Kubernetes is powerful but it also can be complicated due to the number of events and logs it generates. It is crucial to have the tools in place that enable you to summarise these events quickly when someone points out the root cause of an issue amongst all those logs or error traces. This article proposes a intelligent Kubernetes event summarizer that utilizes OpenAI’s language model to summarize complex event logs into abstract human-readable form. Such a tool can also help the operations team save time and respond to issues faster.

What This Tool Does?

This tool connects to your kubernetes cluster pulls out pod events and uses OpenAI language model under the hood to summarize them in a concise format. Teams can easily access the summarization output as it is exposed through RESTful API.

Key Features

  • Gets events reported about the pod from Kubernetes cluster.
  • Summarizes events using OpenAI API.
  • Has a REST API to access event summary

Technical Architecture

Overview

  • This tutorial works with kubernetes v1.30.2 to set up a local development environment with Docker Desktop 4.35.1 (173168). This version is a simple set up for experimentation.
  • I use the Python Kubernetes client to connect to the cluster and Flask as my web framework for creating the API.

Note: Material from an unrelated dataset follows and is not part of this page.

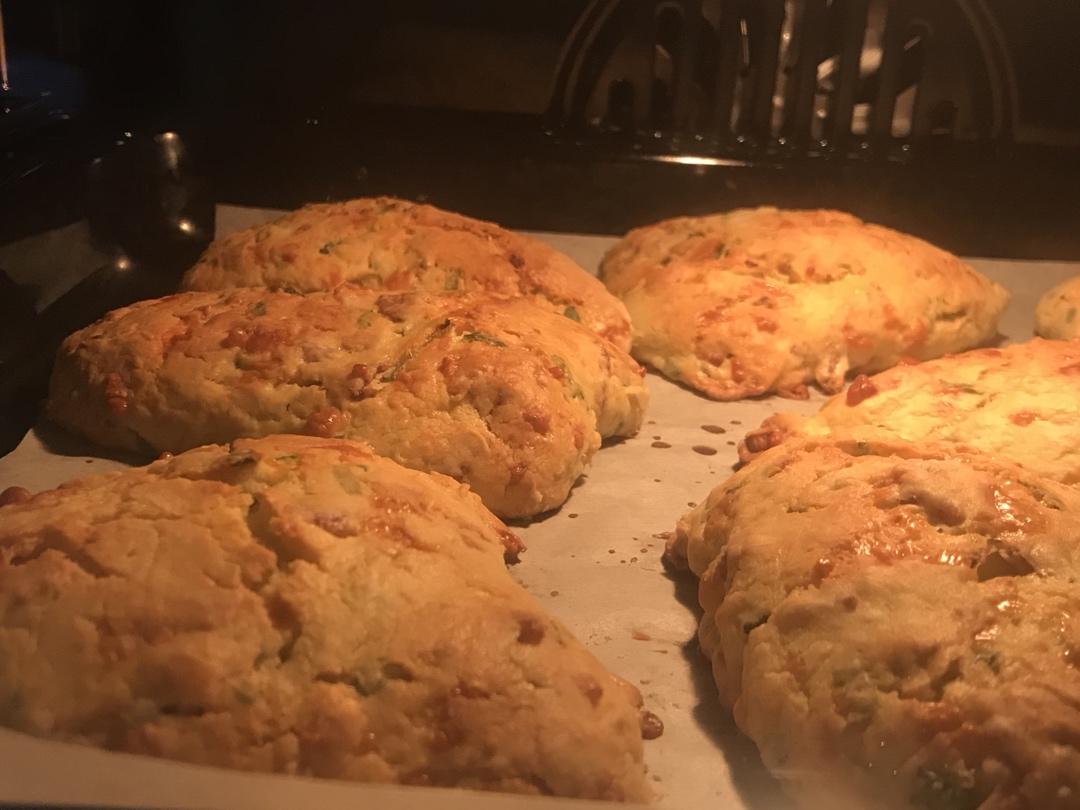 超级好吃的咸味司康Savoury Scones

kubernetes_event_summarizer

Components Explained

  • Kubernetes Cluster: The source of pod events.
  • OpenAI API: Summarizes the events into human-readable text.
  • Flask App: Serves as an API that returns the event summary.

Note for Other Clusters:

  • If you use a different cluster setup (e.g., Minikube, EKS, GKE, or AKS), make sure to handle authentication correctly. The line config.load_kube_config() in app.py loads the default kubeconfig file for authentication. Adjustments may be needed to match your cluster’s authentication method.
  • For in-cluster deployments, use config.load_incluster_config() to load the cluster’s service account credentials for proper authentication.

Demo Walkthrough

Setting Up the Environment

Clone the Repository:

git clone https://github.com/sprider/k8s-event-summarizer.git
cd k8s-event-summarizer

Create a Virtual Environment and Install Dependencies:

python3 -m venv venv
source venv/bin/activate
pip3 install -r app/requirements.txt

Set Up Environment Variables:

Create a .env file in the app/ directory and add the OpenAI API key:

OPENAI_API_KEY=your_openai_api_key

Running the Flask App Locally

Start the Flask App:

python3 app/app.py

Access the API:

Open a browser or use Postman to visit http://localhost:8000/summarize/<pod-name> to get summary for a specific pod.

Using Docker

Build the Docker Image:

docker build -t k8s-event-summarizer .

Run the Docker Container:

docker run -p 8000:8000 --env-file app/.env k8s-event-summarizer

Deploying a Test Pod in Your Cluster

To generate events for testing, use the test-pod.yaml file provided in the repository:

kubectl apply -f test-pod.yaml

This will create a test pod that can trigger events, which the event summarizer can then process and summarize.

Accessing Summarized Events via the API

Use curl or Postman to send a GET request to the API endpoint:

curl http://localhost:8000/summarize/test-pod

Replace test-pod with the name of the pod for which you want to retrieve event summary.

postman

Understanding the Code Structure

  • app.py: The main Python script that sets up the Flask API, connects to the Kubernetes cluster, fetches events, and sends them to OpenAI for summarization.
  • requirements.txt: Lists all the Python dependencies needed for the app.
  • .env: Stores environment variables such as the OpenAI API key.
  • Dockerfile: Contains the instructions to build and run the app as a Docker container.
  • test-pod.yaml: A sample YAML file for creating a test pod in the Kubernetes cluster to generate events.

Wrap-Up

Kubernetes Event Summarizer — it helps in summarizing the events from the logs by creating human-friendly summaries of pod events. It can be customized to cover other use cases as well, for instance to monitor events of deployments and services and hence its very flexible. This project is a basic version which can be extended to address multiple operational requirements. This little tool can also be a game changer for your DevOps workflow if coupled with alerting systems or dashboards.

While this demo focuses on summarizing pod events, the same approach can be applied to monitoring other types of events, such as deployment events, service and ingress events, and more.

In real-world scenarios, clusters can generate millions of events. A practical next step would be to ingest these events into a vector database with embeddings, allowing the tool to function as a question-and-answer system. This would enable users to ask specific questions, with NLP capabilities extracting key attributes and calling relevant methods, resulting in a more versatile system that covers a wide range of use cases.

I hope you found this article helpful!